How the world’s Top 10 economies generate energy

Oil still dominates across major economies
Oil remains the leading energy source in six of the world’s ten largest economies, including the United States, Germany, Japan, the United Kingdom and Italy. Its dominance is largely driven by its critical role in transport and industrial activity.
Among these markets, Italy is the most oil-reliant, with close to 46% of its energy mix coming from petroleum. Germany and the UK also maintain significant dependence, although both have made notable progress in expanding renewable capacity in recent years.
The data above highlights the energy mix across the world’s top 10 economies, illustrating how oil continues to play a central role, even in countries with ambitious climate targets. Despite ongoing transition efforts, its position within global transport systems makes it particularly difficult to replace in the near term.
Coal remains central in China and India
Coal continues to underpin the energy systems of the world’s two most populous economies. It accounts for approximately 58% of China’s energy supply and around 59% in India.

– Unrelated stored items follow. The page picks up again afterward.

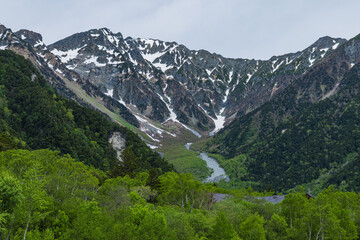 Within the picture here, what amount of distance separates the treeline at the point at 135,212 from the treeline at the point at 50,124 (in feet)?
120

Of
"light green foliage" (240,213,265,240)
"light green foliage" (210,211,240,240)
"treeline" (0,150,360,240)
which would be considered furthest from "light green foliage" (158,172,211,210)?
"light green foliage" (210,211,240,240)

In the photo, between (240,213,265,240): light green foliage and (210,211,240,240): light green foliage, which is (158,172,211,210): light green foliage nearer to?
(240,213,265,240): light green foliage

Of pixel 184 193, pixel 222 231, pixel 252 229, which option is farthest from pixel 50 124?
pixel 252 229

This heavy reliance is closely tied to both countries’ large-scale industrial activity and the availability of domestic coal reserves. As a result, coal remains a cost-effective and dependable source for electricity generation and manufacturing.
That said, both nations are investing heavily in renewables and nuclear power as they work to balance continued economic growth with emissions reduction targets.
Diverging routes to lower-carbon energy
While some economies are accelerating renewable deployment, others are leveraging nuclear and hydropower as key components of their transition strategies.
France stands out for its strong reliance on nuclear energy, which contributes more than 46% of its total energy mix. Canada, by contrast, benefits from significant hydropower resources, with hydro accounting for over 10% of supply, alongside a relatively balanced mix of oil and natural gas.
Russia presents a different profile, with the lowest share of renewables among the group at just 0.2%. Its energy mix is heavily weighted toward fossil fuels, particularly natural gas, which makes up more than half of total supply.
That said, both nations are investing heavily in renewables and nuclear power as they work to balance continued economic growth with emissions reduction targets.
Implications for data centres and the energy transition
These evolving energy mixes have direct implications for power-intensive sectors such as data centres, where demand for reliable, scalable energy continues to surge. As digital infrastructure expands, operators are increasingly prioritising access to low-carbon and stable power sources, driving greater alignment with renewable energy, nuclear, and hydro-backed grids. However, in markets still heavily reliant on fossil fuels, particularly coal and natural gas, balancing sustainability targets with energy security remains a key challenge. This dynamic is accelerating investment in renewable capacity, grid modernisation, and energy storage, positioning data centres as both a major driver of demand and a catalyst for the global energy transition.